• _Problem statement_: Skip the images and repeat every entry word for word.
---------- Raw data
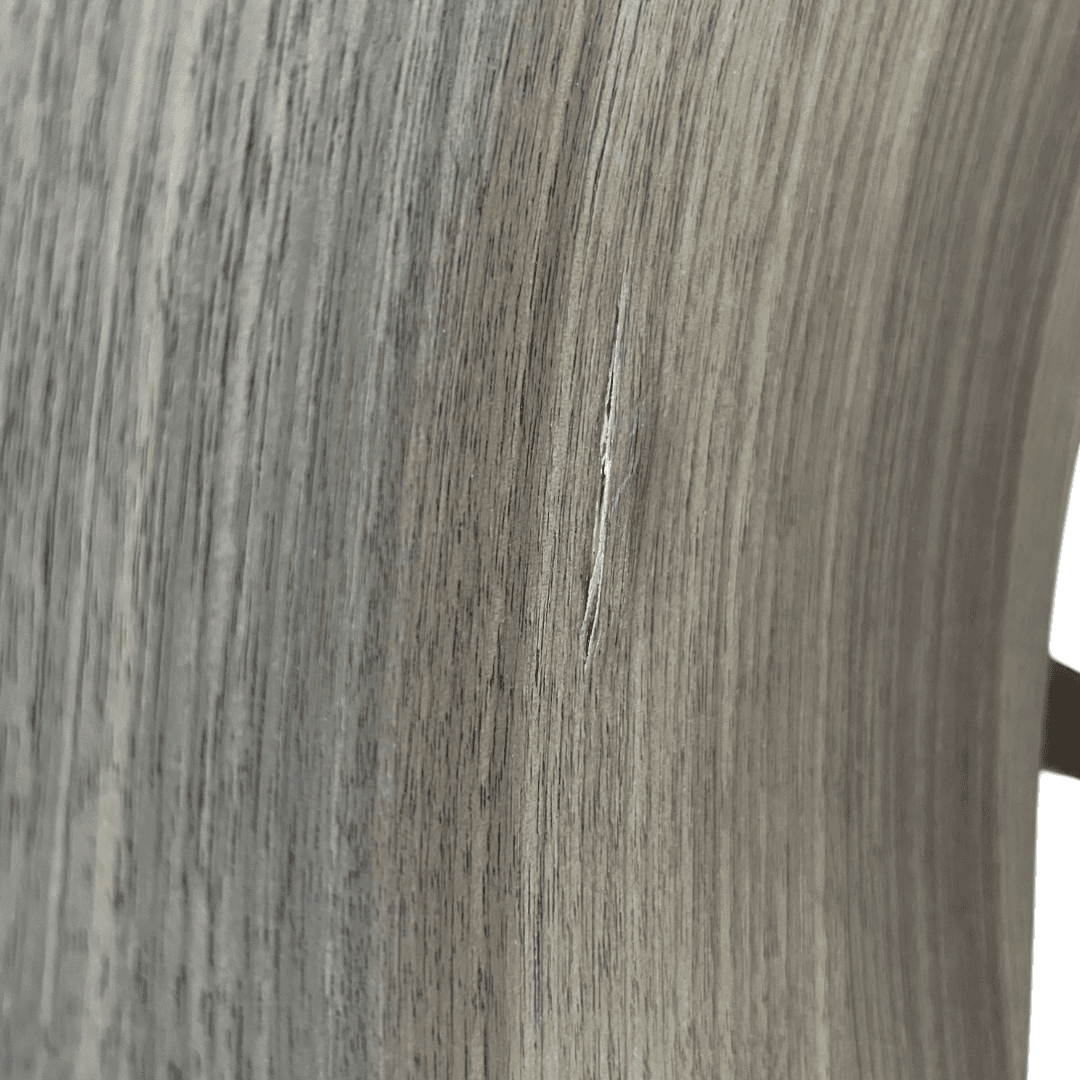 Hoft Homes SINGLE Anders Dining Chairs - Black Leather & Walnut - Thumbnail 9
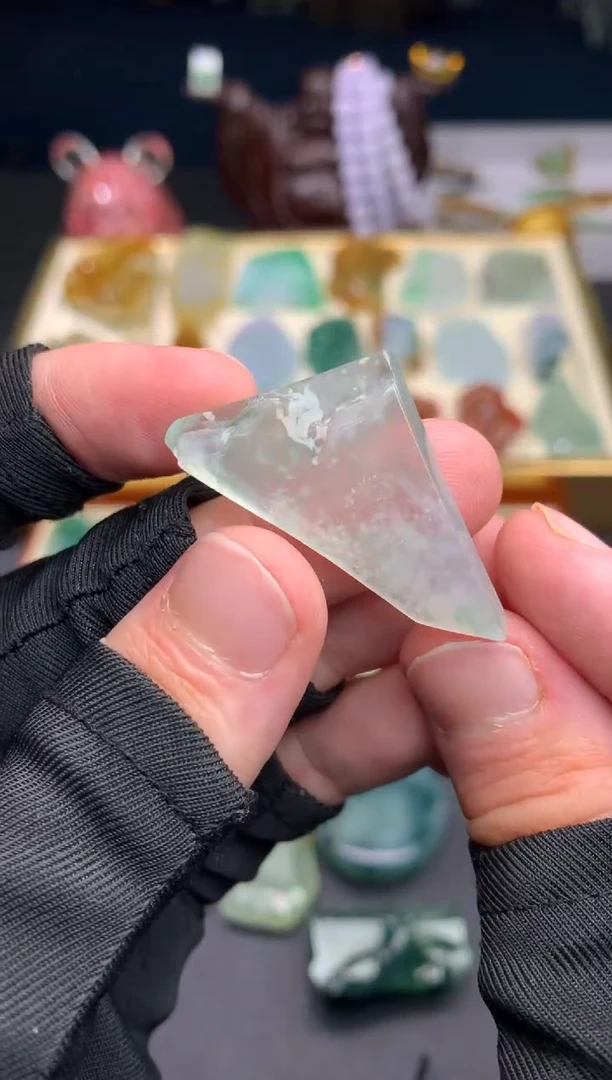 未镶嵌定制翡翠天然翡翠裸石（包工）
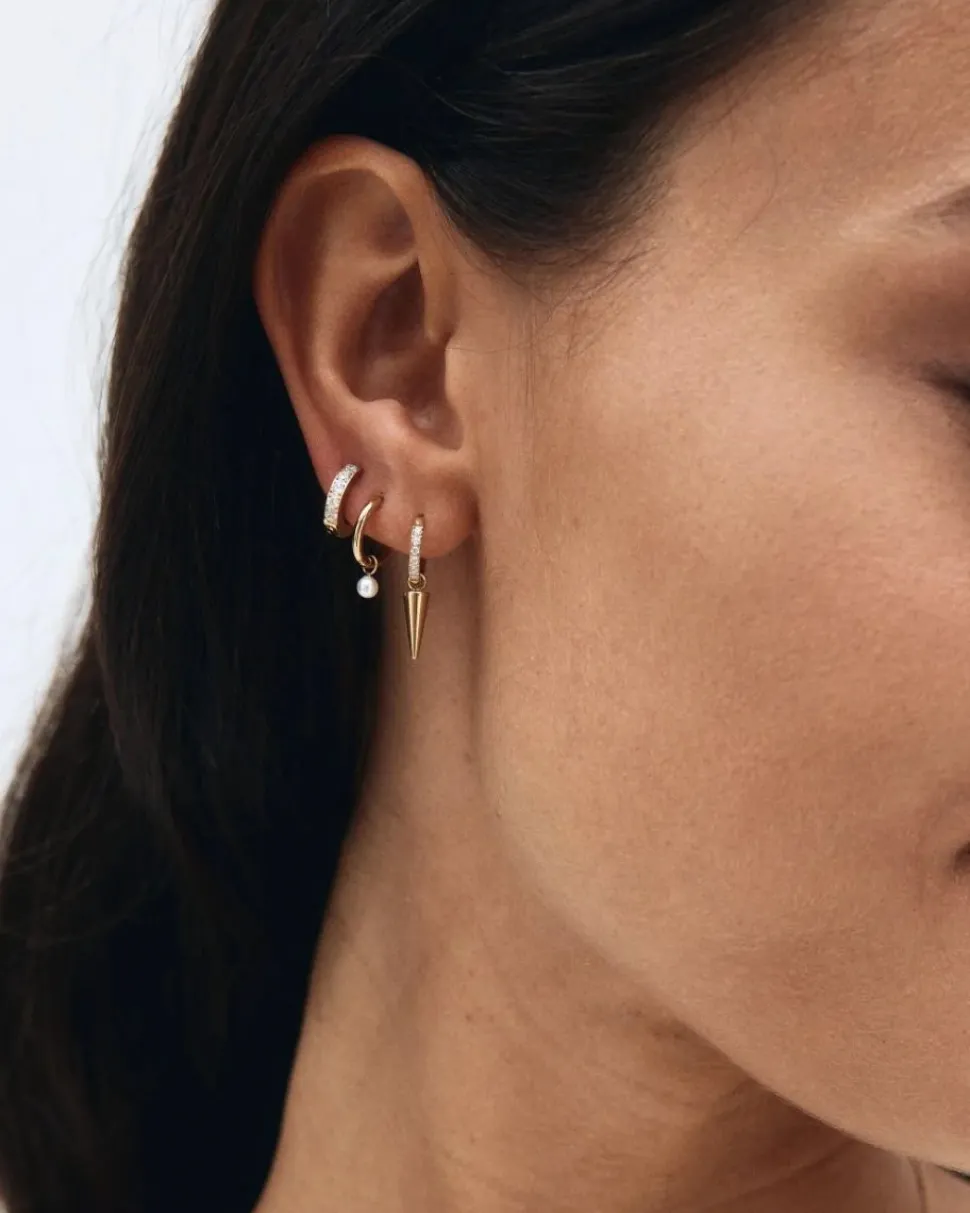 Edblad korvakorut, Peak One Hoops Sirius Gold Kullankeltainen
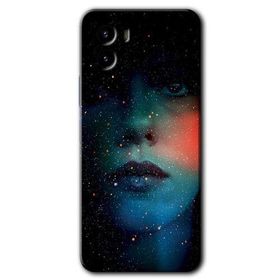 Vivo Y15S Karanlık Kadın Baskılı Uyumlu Silikon Kılıf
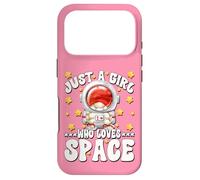 Carcasa para iPhone 17 Pro Cute Astronaut GNOME Graphic For Just A Girl Who Loves Space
--------------------
• _Task answer_:
 Hoft Homes SINGLE Anders Dining Chairs - Black Leather & Walnut - Thumbnail 9
 未镶嵌定制翡翠天然翡翠裸石（包工）
 Edblad korvakorut, Peak One Hoops Sirius Gold Kullankeltainen
 Vivo Y15S Karanlık Kadın Baskılı Uyumlu Silikon Kılıf
 Carcasa para iPhone 17 Pro Cute Astronaut GNOME Graphic For Just A Girl Who Loves Space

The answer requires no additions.